**ACTION ITEM**
Go through the data below and transcribe it exactly. Omit the images.

**DATA SEGMENT**
- Opening Delimiter -

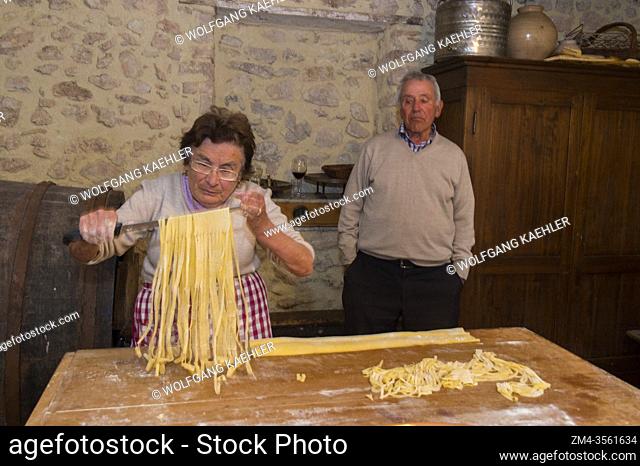 A senior woman is making fettuccine in Pettino, a small village in the mountains near Campello sul Clitunno in the Province of Perugia, Umbria, central Italy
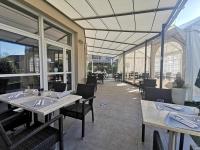 Restaurace v ubytování Hôtel de La Poste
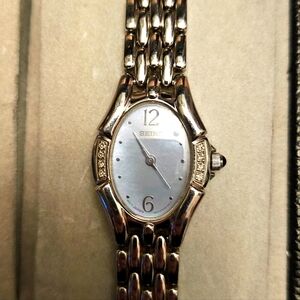 Seiko mother of pearl center, with diamonds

- Closing Delimiter -

**OUTPUT BELOW**
 A senior woman is making fettuccine in Pettino, a small village in the mountains near Campello sul Clitunno in the Province of Perugia, Umbria, central Italy
 Restaurace v ubytování Hôtel de La Poste
 Seiko mother of pearl center, with diamonds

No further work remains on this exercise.